Joe, every country is realizing renewables are a loser, and not because of an EU border tax - because they're intermittent, unpredictable, meager sources of energy.

Did Russia's Finance Minister really say, "Russia Faces Huge Revenue Losses From Renewables Push", though? Of course not, he was protesting the EU's border carbon tax. The headline was a fabrication of the Dutch editors of The Moscow Times, an English-language paper begun in 1989 by Dutch national Derk Sauer. Though Sauer has Russian partners in the venture, it's only to comply with Russian law.

His team of Western editors have had free reign to use the Times, now operated from the Netherlands, as a springboard for anti-nuclear propaganda (fittingly, the paper's original location was the re-purposed headquarters of Pravda). It's only Russian editor, Nabi Abdullaev, was canned in 2015 after he refused to toe Sauer's editorial line.

Russia will meet the challenge of complying with EU policy but on its own terms:

"Nuclear power in the Russian Federation is a driver for the development of other industries, and nuclear electricity production accounted for 19.7% of the national electricity mix. Currently, the country operates 38 nuclear power reactors and is steadily moving ahead with plans to expand the role of nuclear energy, including the development of new reactor technologies, in addition to the export of nuclear services. It seeks to close the fuel cycle and fast reactors are considered a key component of this. More than 20 Russian nuclear power reactors are confirmed or planned for export construction; today, foreign orders amount to about US $133 billion."

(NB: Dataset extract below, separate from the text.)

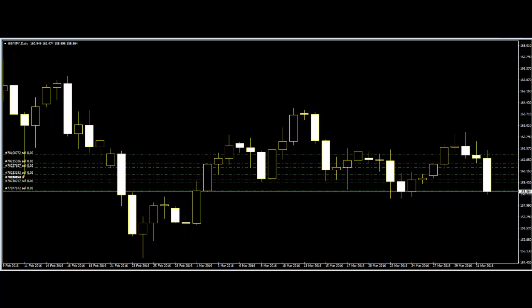Welcome to Candlestick Trading Video: Counting the Legs of Trend Candlesticks. Looking at the trend of any currency, you will easily notice that market prices don't just rise continuously if the trend is an uptrend, or drop continuously downwards if the trend is downwards.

Dr. Amal Khashab's picture
Dr. Amal Khashab on Jul 11, 2021

Not only Russia , but all the oil and natural exporters. I think this will force  them to slow down their integration plans or go directly to decarbonization techniques such as blue and black Hydrogen.

Matt Chester's picture
Matt Chester on Jul 12, 2021

It'll be interesting to see what influence OPEC tries to have on countries in and associated with OPEC (e.g., Russia who is a member of OPEC+ but not bound by OPEC) in looking to make these efforts. Might it be hard for them to have their cake and eat it too? 

Joe Deely's picture
Joe Deely on Jul 13, 2021

Exactly Matt - Russia is stuck between a rock and a hard place. Most of their revenue comes from oil and gas. Every EV that gets sold Europe means less oil imported from Russia.

Plus Russia also has nuclear which they are trying to export. A good example of this are the upcoming reactors in Belarus. They will mean less NG exports for Russia.

The nuclear power plant is a part of Belarus’ energy strategy formulated over the past decade, as the country wants to reduce reliance on Russian-sourced natural gas, which today generates about 95% of the country’s electricity. The Belarus energy plant also calls for construction of a 1,000-MW coal-fired plant, four hydropower stations with a total capacity of 120 MW, and wind projects totaling 300 MW.

Belarusian officials have said the plan, if fully implemented, would reduce the country’s share of power generation from Russian natural gas to about 55%.

Interestingly, when you look at internal Russian electricity there has been little to no change in their dependence on coal and NG over the past 10 years. They are moving very slowly with renewables and nuclear within Russia itself. Tough spot to be in.